While working on 2dcd157, I noticed cfbot failures for Windows due to tests
with commands that had non-options specified before options.  For example,
"createuser myrole -a myadmin" specified a non-option (myrole) before the
option/argument pair (-a admin).  To get the tests passing for Windows,
non-options must be placed at the end (e.g., "createuser -a myadmin
myrole").  This same problem was encountered while working on 08951a7 [0],
but it was again fortunately caught with cfbot.  Others have not been so
lucky [1] [2] [3].

The reason for this discrepancy is because Windows uses the in-tree
implementation of getopt_long(), which differs from the other
implementations I've found in that it doesn't reorder non-options to the
end of argv by default.  Instead, it returns -1 as soon as the first
non-option is found, even if there are other options listed afterwards.  By
moving non-options to the end of argv, getopt_long() can parse all
specified options and return -1 when only non-options remain.  The
implementations I reviewed all reorder argv unless the POSIXLY_CORRECT
environment variable is set or the "optstring" argument begins with '+'.

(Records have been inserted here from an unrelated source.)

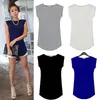 Wholesale- NEW HOT Girl Women's Crew Neck short Sleeve T-Shirts Modal Tops Basic Tee Summer Women Shirt Clothes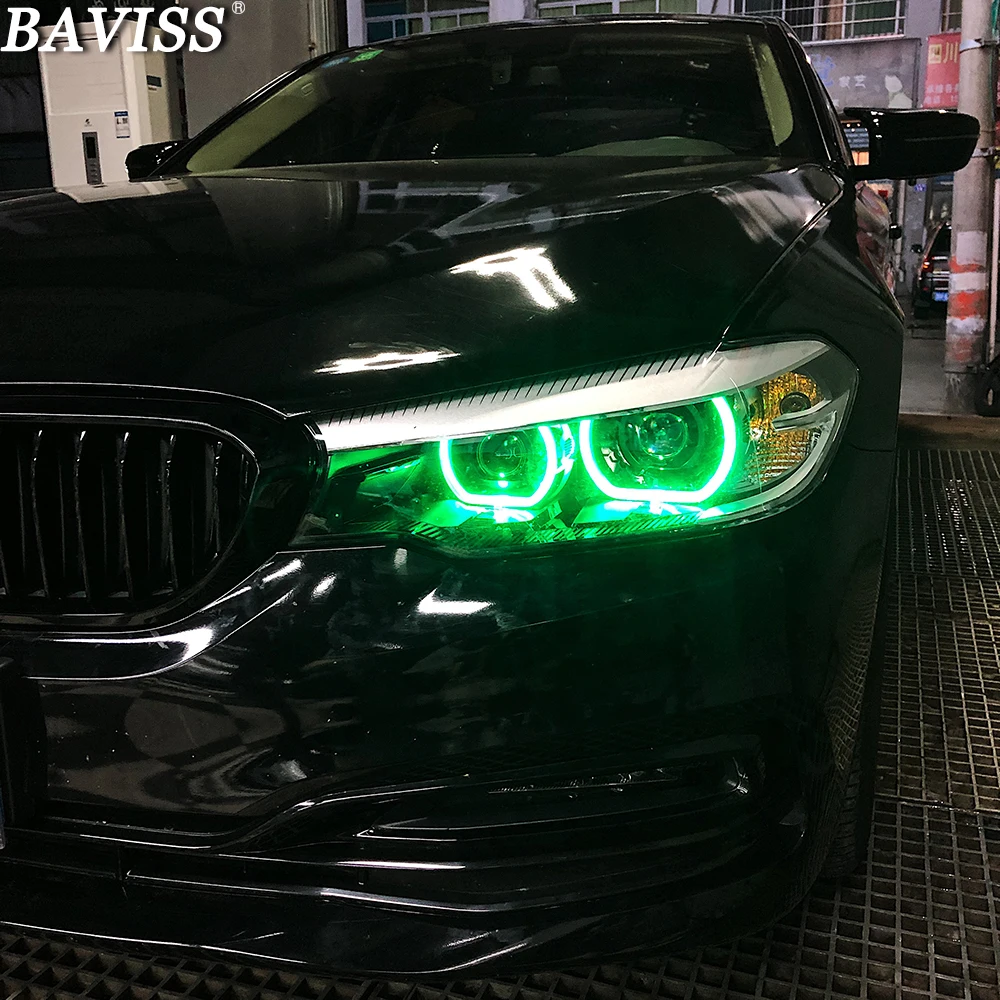 63117214934 Многоцветный модуль дневного хода RGB DRL 7214934 Ангельские глазки для BMW 5-й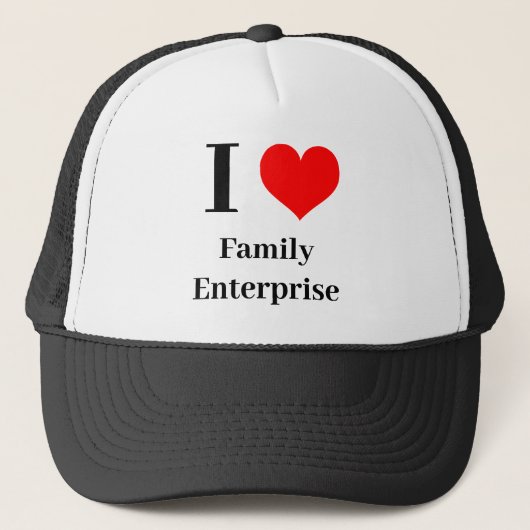 Ik hart Family Enterprise Trucker Pet (Voorkant)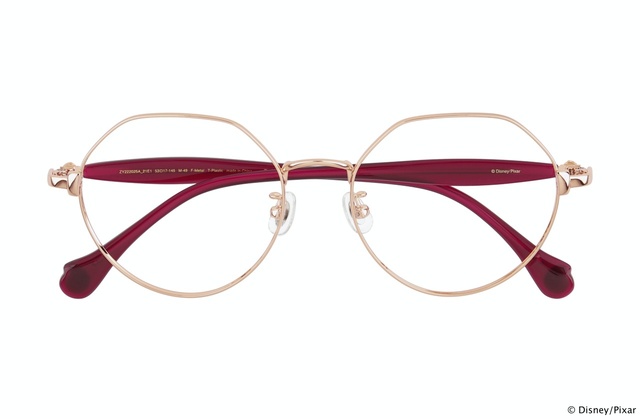 ZY222025_21E1（ピンク）｜『トイ・ストーリー』 ロッツォ｜13,300円（税込・セットレンズ代込）｜ディズニー コレクション created by Zoff “FURRY series”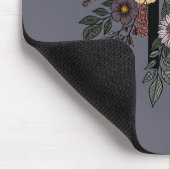 Glaube und Blumen Mousepad (Ecke)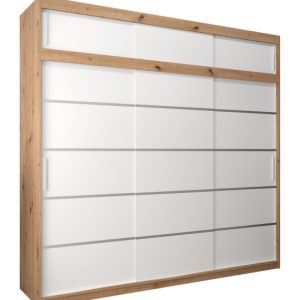 Szafa przesuwna Verona 1 250 artisan + biały z nadstawką 96993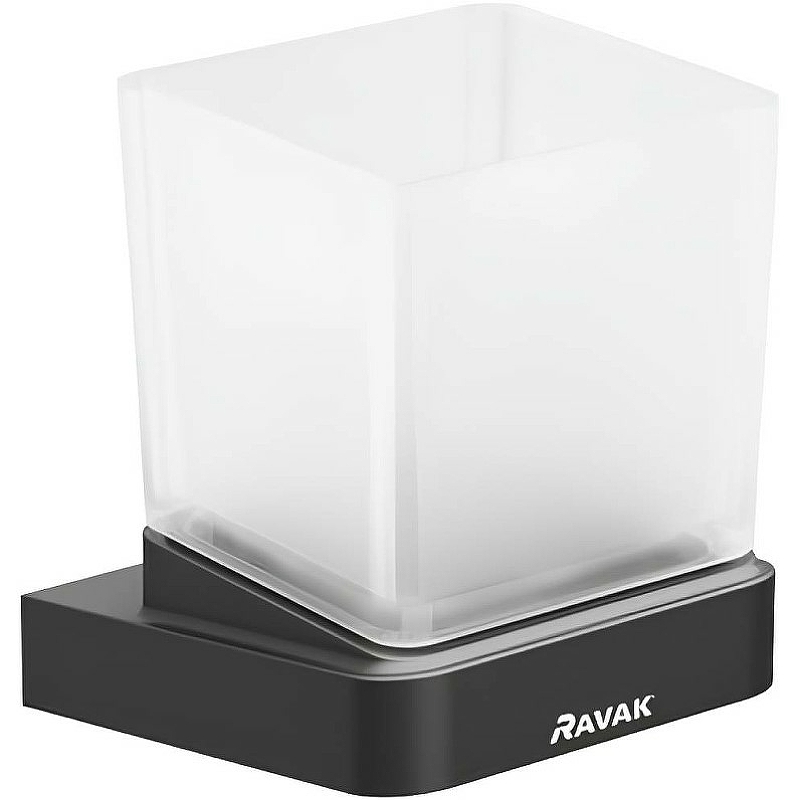 

Ravak Стакан для зубных щеток Ravak 10° X07P557 Черный матовый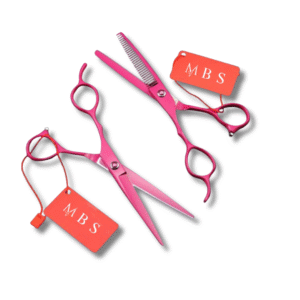 Professional Pink Hair Cutting Shears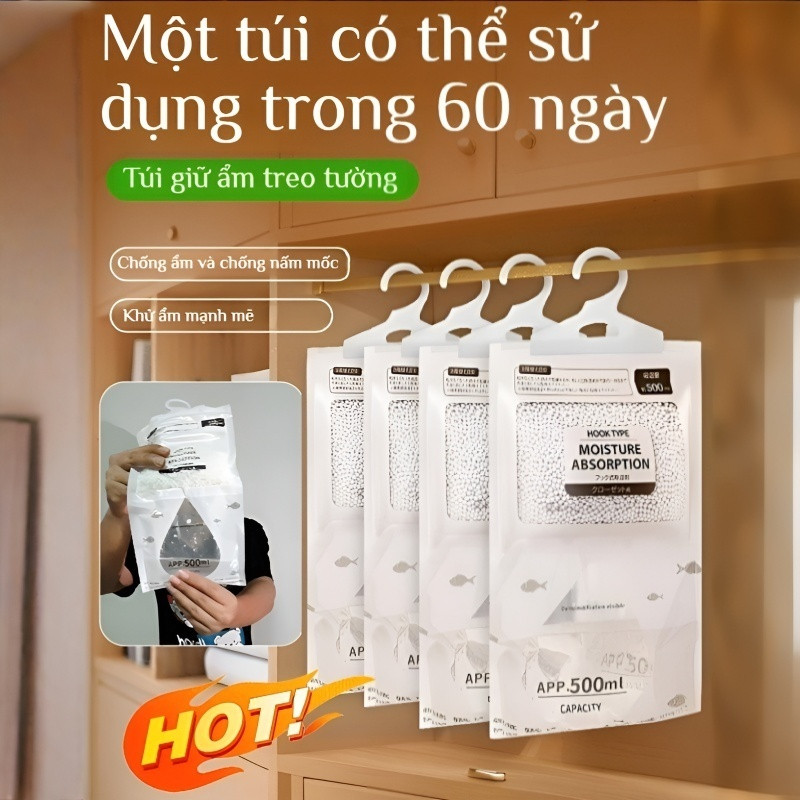 Top 7 sản phẩm hút ẩm tủ quần áo nam hiệu quả năm 2026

The best reasons I can think of to keep the current behavior are 1)
reordering involves writing to the original argv array, which could be
risky (as noted by Tom [4]) and 2) any systems with a getopt_long()
implementation that doesn't reorder non-options could begin failing tests
that take advantage of this behavior.  However, this quirk in the in-tree
getopt_long() is periodically missed by hackers, the only systems I'm aware
of that use it are Windows and AIX, and every other implementation of
getopt_long() I saw reorders non-options by default.  Furthermore, C99
omits const decorations in main()'s signature, so modifying argv might not
be too scary.

Thus, I propose introducing this non-option reordering behavior but
allowing it to be disabled via the POSIXLY_CORRECT environment variable.
The attached patch is my first attempt at implementing this proposal.  I
don't think we need to bother with handling '+' at the beginning of
"optstring" since it seems unlikely to be used in PostgreSQL, but it would
probably be easy enough to add if folks want it.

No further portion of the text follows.